The woman claimed that the dog’s owner was responsible for the bite. (Photo: REUTERS/Fayaz Kabli)
A recent Ontario Court of Appeal case could have long-lasting implications on dog walkers and owners.
A woman who was in a relationship with a man who owned a nine-year old dog with health problems, offered to walk his dog for him. During the course of the walk, the dog suffered a seizure, slipped on ice and fell into a ditch. When the dog walker tried to retrieve him, she fell and collided with the dog. The dog bit her and she lost part of her right thumb.
After the incident, she sued the dog owner for her injury under the Dog Owners Liability Act.

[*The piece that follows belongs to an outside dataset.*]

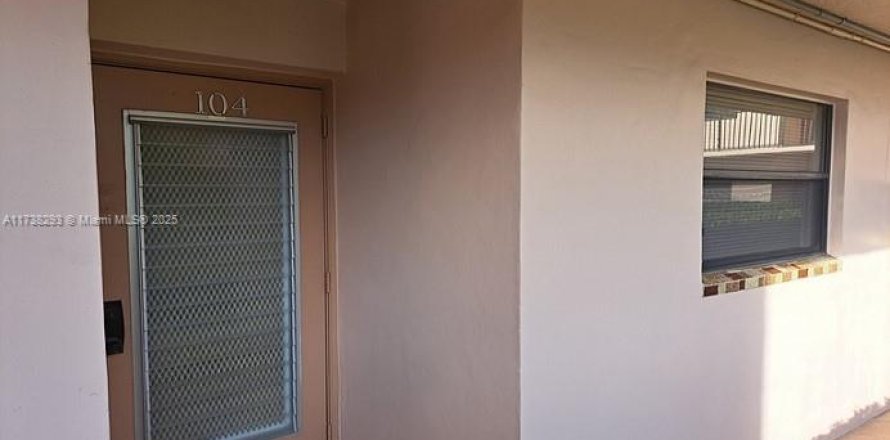 Condo in Sunrise, Florida, 2 bedrooms № 1897568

She claimed that the owner was responsible for the bite, because the morning of the walk the owner failed to give the dog food and his medications. The lower court had partially sided with the dog walker in that it found the dog walker was entitled to compensation for her injury.
The owner appealed and asked that the case be dismissed. The whole case rested on the question whether the dog walker was considered in possession of and an owner of the dog at the time she was walking him.
If found to be an owner of a dog, that person doesn’t have the right to compensation under the act. Only a “non-owner” has the right to sue for compensation for a dog attack.
The appeal court found that that the definition of the word “owner” should include a person “who is in physical possession and control over a dog just before it bites or attacks another person or animal.”
As the court considered the woman to be in possession and control of the dog, she was considered an owner at the time of the walk and therefore can’t sue for compensation. The court dismissed the case.
However, this case has wider implications than a dog walker not being able to sue the owner of the dog.
As the court has expanded the definition of “owner,” that could put dog walkers in danger of being sued if a dog in their possession bites another person.